During the first phase of the redevelopment, OPB Realty would focus mostly on the area around the Mumford Terminal. That part of the property currently houses a Tim Hortons and stores like Moores.
Those would be replaced with four residential towers 31 storeys high, containing a total of 1,064 homes.
Phase 1 would also add two residential towers to the area behind Sobeys with a total of 774 homes.
‘A really fantastic place to add density’
Coun. Shawn Cleary, who represents residents of the area, said the development is “an exciting opportunity.”
“Because unlike any of the other future growth nodes that we’ve been looking at so far, this one has the potential for the most complete community that could be built in Halifax,” Cleary said in an interview Thursday.
“From a climate point of view and a transportation point of view, there isn’t a better place to add people. If you were to add the same number of people out in Tantallon or Hammonds Plains or Fall River, all those people are going to drive into work. And we already know from Stats Can over half of the population of the peninsula walk, cycles, or take transit to work, from census data.”
Cleary noted there’s a transit terminal, employment, day care, and obviously shopping nearby.
“It’s like a little mini city,” Cleary said.

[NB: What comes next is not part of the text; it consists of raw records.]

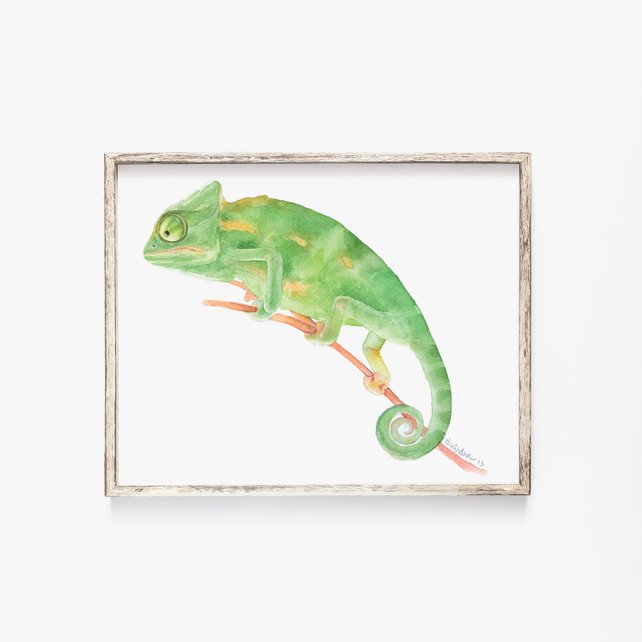 642x642 Chameleon Watercolor Painting 11 X 14 Boys Room Wall Art Etsy - Chameleon Watercolor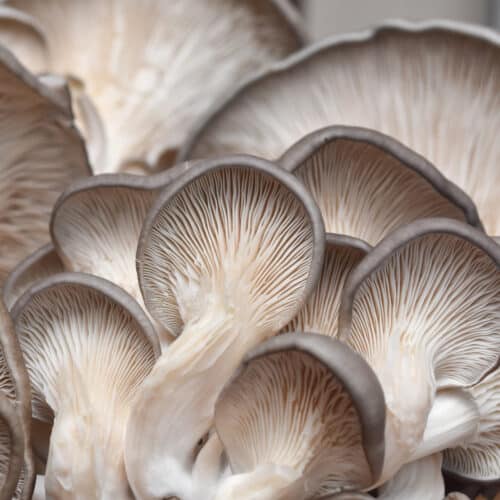 How To Store Oyster Mushrooms Extend The Shelf Life Sassy Chopsticks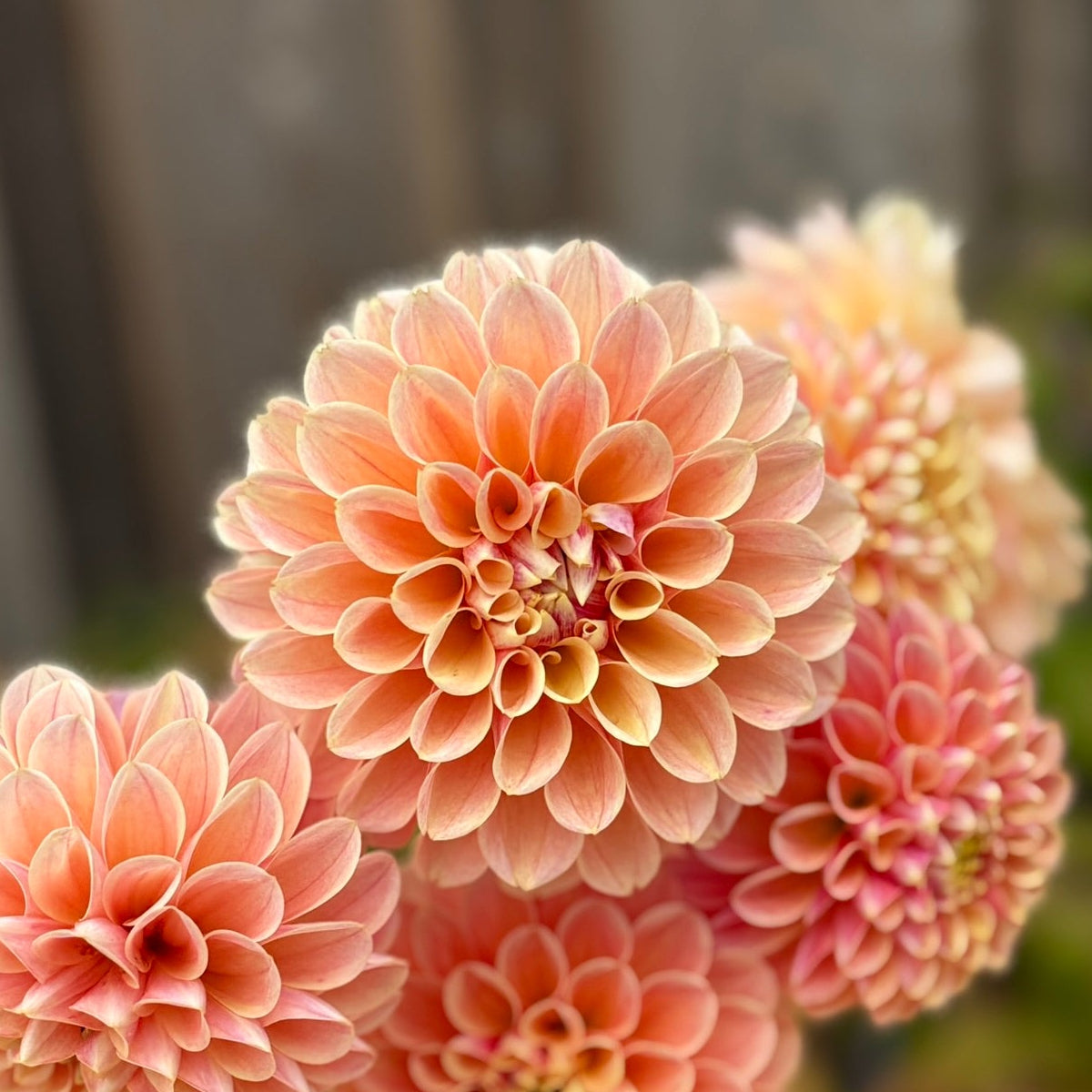 Pink flowers in a vase on a wooden surface with a blurred background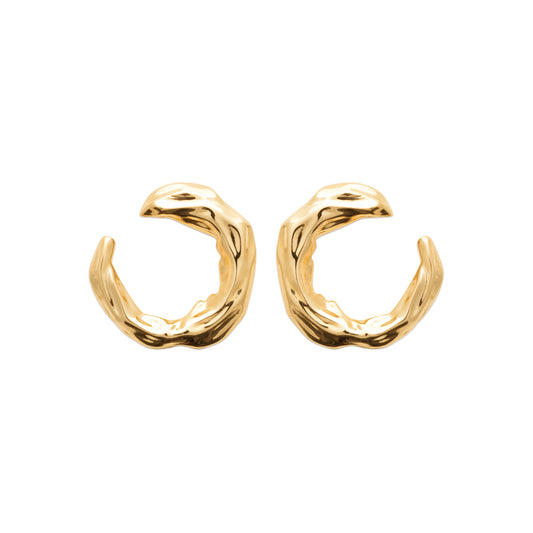 EARRINGS  - 1303950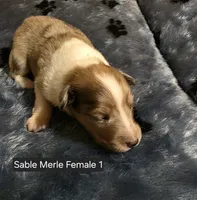 Sable Merle F1, a female Shetland Sheepdog for sale in Scio, OR – 1 of 5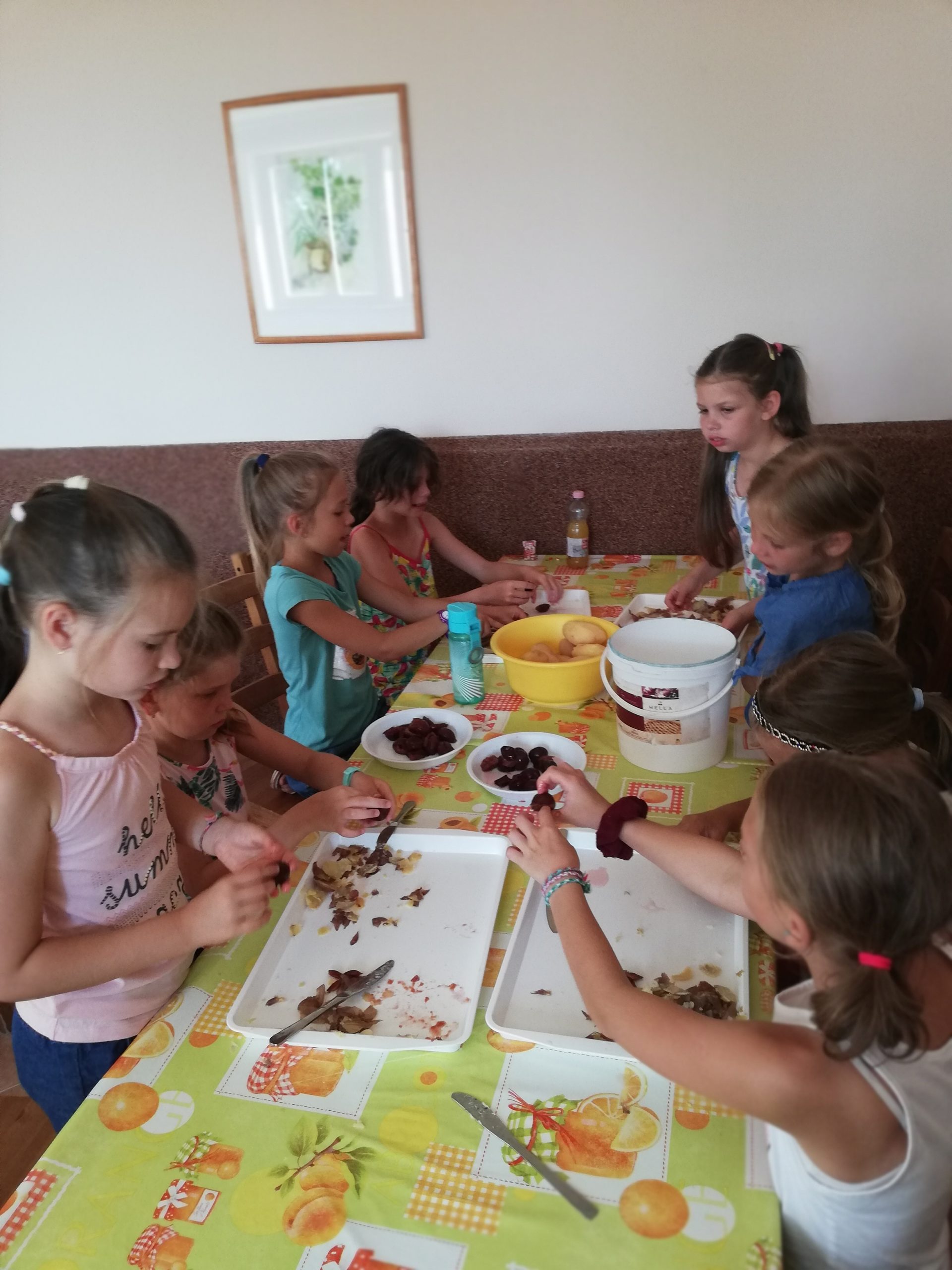 IMG 20210707 101016 Scaled.jpg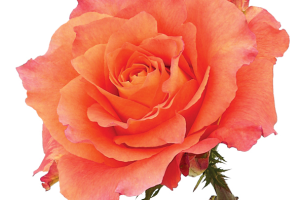 Free Spirit Rose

“This is a really fantastic place to add density and a really fantastic opportunity for us to grow the city in probably one of the more sustainable developments that we’ve ever seen.”
But many of the people who came to the meeting Wednesday night didn’t see it that way.
NIMBYs not having it
“Literally a NIMBY with a megaphone, an actual megaphone, got up on the stage and started jacking people up and saying, ‘Who here opposes this?'” Cleary said.
“A couple of our planners came over and said, ‘We just can’t, we can’t continue.’ I asked her if I could borrow her megaphone. She kindly agreed. And I told people how disappointed I was in them and that we had to shut it down, unfortunately. We’ll reschedule a new one, probably with a modified format.”
In the meantime, there’s a survey online. Cleary said the shutdown was a first for him, and for HRM’s planning staff. He estimated there were about 80 people there.
“There was clearly some misunderstanding about where we are in the process and what we’re expecting people to give input on,” he said. “As I tried to explain to people last night, if you’re simply here to oppose, that’s great, we recognize you, but that’s not going to happen. We’re going ahead with the growth node. It’s just a matter of what’s in it, and that’s the input we’re looking for.”
Kevin Wilson lives nearby and went to the meeting.
“We’re in the middle of a pretty acute housing crisis, so I think redeveloping what is essentially a mostly empty parking lot into a pretty large amount of housing, depending on how the final design shakes out, is really important,” Wilson said.
Long timelines on development
Wilson went to the meeting to learn more about the project, particularly around active transportation, and to try “to steer it in a good direction.” He learned the timelines see Phase 1 happening in 10 to 20 years, and Phase 2 happening in 40 to 50 years.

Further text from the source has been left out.